Find the line that contains "Only review pictures" in the entries below. Write out that line and all that follow it, unchanged and alone.

Entries taken from a collection:
================================

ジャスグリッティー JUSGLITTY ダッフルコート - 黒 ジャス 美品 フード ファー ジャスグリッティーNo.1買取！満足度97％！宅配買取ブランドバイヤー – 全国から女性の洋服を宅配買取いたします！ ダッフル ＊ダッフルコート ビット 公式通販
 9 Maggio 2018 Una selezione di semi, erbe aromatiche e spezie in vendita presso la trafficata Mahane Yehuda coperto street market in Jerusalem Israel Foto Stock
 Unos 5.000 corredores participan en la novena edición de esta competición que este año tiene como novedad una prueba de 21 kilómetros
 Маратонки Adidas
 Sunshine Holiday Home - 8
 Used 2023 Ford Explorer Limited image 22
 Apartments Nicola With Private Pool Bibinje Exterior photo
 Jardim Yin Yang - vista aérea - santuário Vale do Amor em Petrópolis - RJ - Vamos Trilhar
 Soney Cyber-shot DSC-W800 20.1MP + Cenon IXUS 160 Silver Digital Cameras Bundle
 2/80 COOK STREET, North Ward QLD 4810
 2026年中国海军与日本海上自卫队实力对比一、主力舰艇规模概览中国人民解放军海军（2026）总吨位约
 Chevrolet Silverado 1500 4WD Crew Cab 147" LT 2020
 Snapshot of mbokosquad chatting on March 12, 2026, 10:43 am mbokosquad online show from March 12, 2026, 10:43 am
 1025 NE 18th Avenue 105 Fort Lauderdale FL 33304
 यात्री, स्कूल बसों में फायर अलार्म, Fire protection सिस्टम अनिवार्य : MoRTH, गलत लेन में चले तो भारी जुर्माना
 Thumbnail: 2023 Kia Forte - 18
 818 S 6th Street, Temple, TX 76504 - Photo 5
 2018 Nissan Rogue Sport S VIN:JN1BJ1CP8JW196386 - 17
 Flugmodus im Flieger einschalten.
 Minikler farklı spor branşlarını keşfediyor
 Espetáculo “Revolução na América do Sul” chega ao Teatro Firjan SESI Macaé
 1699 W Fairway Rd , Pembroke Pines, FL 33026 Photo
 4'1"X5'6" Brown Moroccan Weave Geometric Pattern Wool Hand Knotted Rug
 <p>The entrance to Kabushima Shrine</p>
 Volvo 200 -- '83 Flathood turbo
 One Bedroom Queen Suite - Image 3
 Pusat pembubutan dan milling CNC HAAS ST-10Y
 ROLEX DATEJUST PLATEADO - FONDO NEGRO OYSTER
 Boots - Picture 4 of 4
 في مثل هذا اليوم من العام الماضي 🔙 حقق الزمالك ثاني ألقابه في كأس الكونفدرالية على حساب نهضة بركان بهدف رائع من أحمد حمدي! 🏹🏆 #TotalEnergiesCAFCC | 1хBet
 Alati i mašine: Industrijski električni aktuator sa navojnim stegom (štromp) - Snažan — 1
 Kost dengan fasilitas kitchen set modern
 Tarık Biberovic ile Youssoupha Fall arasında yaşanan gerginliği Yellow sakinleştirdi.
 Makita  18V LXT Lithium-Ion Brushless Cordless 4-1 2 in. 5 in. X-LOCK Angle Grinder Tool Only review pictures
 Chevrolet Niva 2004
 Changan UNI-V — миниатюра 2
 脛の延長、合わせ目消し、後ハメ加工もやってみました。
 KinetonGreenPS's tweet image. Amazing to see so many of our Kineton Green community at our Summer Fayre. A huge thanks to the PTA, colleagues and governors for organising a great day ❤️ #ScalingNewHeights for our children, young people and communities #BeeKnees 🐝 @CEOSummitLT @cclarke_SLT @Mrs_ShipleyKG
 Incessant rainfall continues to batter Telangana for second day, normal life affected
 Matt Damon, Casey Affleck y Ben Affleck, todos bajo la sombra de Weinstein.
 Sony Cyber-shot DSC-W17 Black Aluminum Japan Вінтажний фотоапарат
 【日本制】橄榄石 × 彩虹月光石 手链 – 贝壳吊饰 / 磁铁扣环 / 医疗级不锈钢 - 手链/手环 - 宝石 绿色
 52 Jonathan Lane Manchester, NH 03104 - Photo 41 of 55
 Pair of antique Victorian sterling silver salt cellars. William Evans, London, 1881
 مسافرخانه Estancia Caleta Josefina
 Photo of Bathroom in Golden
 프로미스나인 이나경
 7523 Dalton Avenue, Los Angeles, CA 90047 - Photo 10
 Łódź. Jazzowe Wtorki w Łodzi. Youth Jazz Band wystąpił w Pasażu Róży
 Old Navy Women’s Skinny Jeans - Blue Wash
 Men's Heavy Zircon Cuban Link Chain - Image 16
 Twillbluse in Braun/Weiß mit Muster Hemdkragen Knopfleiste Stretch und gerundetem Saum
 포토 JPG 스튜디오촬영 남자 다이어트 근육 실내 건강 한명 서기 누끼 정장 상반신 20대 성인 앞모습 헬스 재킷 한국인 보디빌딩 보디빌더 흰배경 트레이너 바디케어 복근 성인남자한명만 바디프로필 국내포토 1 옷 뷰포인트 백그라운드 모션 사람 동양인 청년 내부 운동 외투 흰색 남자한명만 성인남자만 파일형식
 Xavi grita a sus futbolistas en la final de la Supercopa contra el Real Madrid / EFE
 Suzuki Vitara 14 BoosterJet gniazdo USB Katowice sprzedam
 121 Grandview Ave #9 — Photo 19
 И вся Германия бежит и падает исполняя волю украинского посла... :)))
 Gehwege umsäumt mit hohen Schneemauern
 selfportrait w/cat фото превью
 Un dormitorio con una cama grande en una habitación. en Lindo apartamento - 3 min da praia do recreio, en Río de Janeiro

================================

_Your response:_
 Makita  18V LXT Lithium-Ion Brushless Cordless 4-1 2 in. 5 in. X-LOCK Angle Grinder Tool Only review pictures
 Chevrolet Niva 2004
 Changan UNI-V — миниатюра 2
 脛の延長、合わせ目消し、後ハメ加工もやってみました。
 KinetonGreenPS's tweet image. Amazing to see so many of our Kineton Green community at our Summer Fayre. A huge thanks to the PTA, colleagues and governors for organising a great day ❤️ #ScalingNewHeights for our children, young people and communities #BeeKnees 🐝 @CEOSummitLT @cclarke_SLT @Mrs_ShipleyKG
 Incessant rainfall continues to batter Telangana for second day, normal life affected
 Matt Damon, Casey Affleck y Ben Affleck, todos bajo la sombra de Weinstein.
 Sony Cyber-shot DSC-W17 Black Aluminum Japan Вінтажний фотоапарат
 【日本制】橄榄石 × 彩虹月光石 手链 – 贝壳吊饰 / 磁铁扣环 / 医疗级不锈钢 - 手链/手环 - 宝石 绿色
 52 Jonathan Lane Manchester, NH 03104 - Photo 41 of 55
 Pair of antique Victorian sterling silver salt cellars. William Evans, London, 1881
 مسافرخانه Estancia Caleta Josefina
 Photo of Bathroom in Golden
 프로미스나인 이나경
 7523 Dalton Avenue, Los Angeles, CA 90047 - Photo 10
 Łódź. Jazzowe Wtorki w Łodzi. Youth Jazz Band wystąpił w Pasażu Róży
 Old Navy Women’s Skinny Jeans - Blue Wash
 Men's Heavy Zircon Cuban Link Chain - Image 16
 Twillbluse in Braun/Weiß mit Muster Hemdkragen Knopfleiste Stretch und gerundetem Saum
 포토 JPG 스튜디오촬영 남자 다이어트 근육 실내 건강 한명 서기 누끼 정장 상반신 20대 성인 앞모습 헬스 재킷 한국인 보디빌딩 보디빌더 흰배경 트레이너 바디케어 복근 성인남자한명만 바디프로필 국내포토 1 옷 뷰포인트 백그라운드 모션 사람 동양인 청년 내부 운동 외투 흰색 남자한명만 성인남자만 파일형식
 Xavi grita a sus futbolistas en la final de la Supercopa contra el Real Madrid / EFE
 Suzuki Vitara 14 BoosterJet gniazdo USB Katowice sprzedam
 121 Grandview Ave #9 — Photo 19
 И вся Германия бежит и падает исполняя волю украинского посла... :)))
 Gehwege umsäumt mit hohen Schneemauern
 selfportrait w/cat фото превью
 Un dormitorio con una cama grande en una habitación. en Lindo apartamento - 3 min da praia do recreio, en Río de Janeiro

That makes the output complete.